A Child is Born
“By 1957, I had already managed to photograph infinitesimal details, an umbilical cord, an index finger. Eight years later, technological development had come up with a wide-angle lens that could be attached to the endoscope. Now, a face appeared suddenly from out of the dark.”
A Child is Born follows the everyday life of an expecting couple, and lets us see how the foetus develops over the nine-months of pregnancy. All illustrated with Lennart Nilsson’s unique pictures.
The first edition was published in October 1965 by Albert Bonniers förlag in Stockholm, and written by Axel Ingelman-Sundberg and Claes Wirsén. Today, A Child is Born is one of the world’s bestselling photo books and has influenced millions of people’s attitudes to life and childbirth.
In 1976, a second updated edition of the acclaimed book was published, with new photographs of the development of the foetus, taken with an endoscope. Thanks to new technology, Lennart Nilsson could further develop his project of documenting the human being from within.
A completely re-edited version of A Child is Born was published in 1990, in which Lennart Nilsson has used the techniques he developed over the years. Lars Halmberger, part of the team behind the first successful IVF child in Sweden, was the new author. The theme is the same as in earlier editions, but recent progress in medicine and technology called for a radical rewrite.
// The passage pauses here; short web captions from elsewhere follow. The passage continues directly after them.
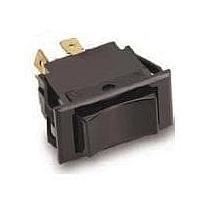 Carling Technologies LTILA54-6S-BL-RC-WBL/12V Full-Sized Rocker Switch LTILA546SBLRCWBL/12V
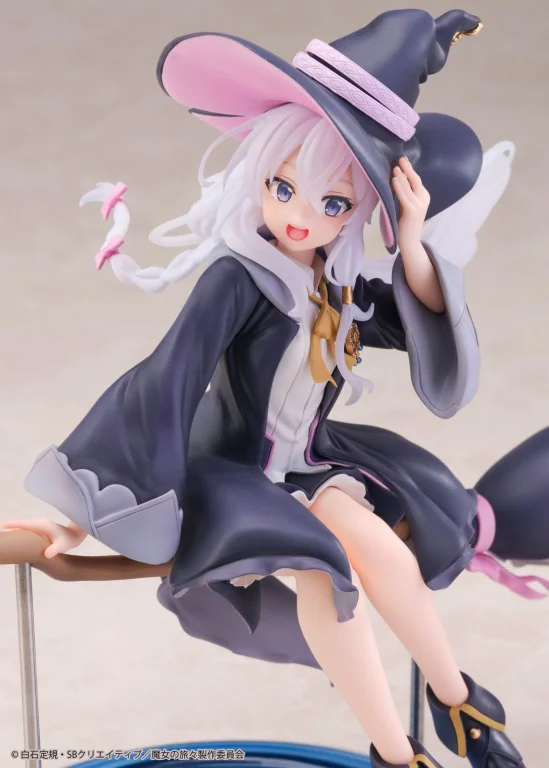 Wandering Witch - AMP+ Figure - Elaina (Witch Dress ver.)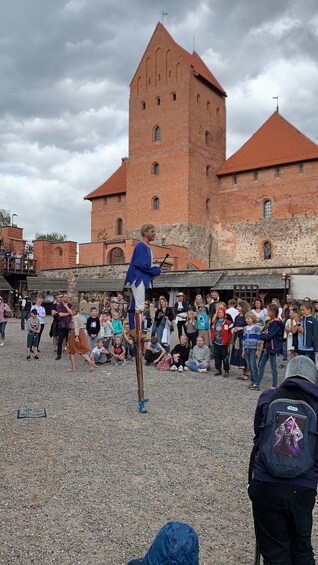 Picture 5 for Activity Vilnius: Private Paneriai Park, Trakai Castle, Kernavė Tour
Many of the photographs are new, and the book is the result of years of intense work on documenting the first minutes, hours, days and weeks when a new human being is born. This edition was published in a total of 17 countries.
A Child is Born is the work that inscribed Lennart Nilsson in the history books as something far more than merely a talented photographer. His pictures of a child growing slowly inside the womb are as fascinating today as when they were first published in the mid-1960s.
Lennart Nilsson single-handedly explored the technology he needed for his groundbreaking work. In order to show the development of the foetus, he used macro lenses, light microscopy, scanning electron microscopy, and extreme wide-angle endoscopy.
“You have to go on and on until you succeed with something, not least when it comes to photography.”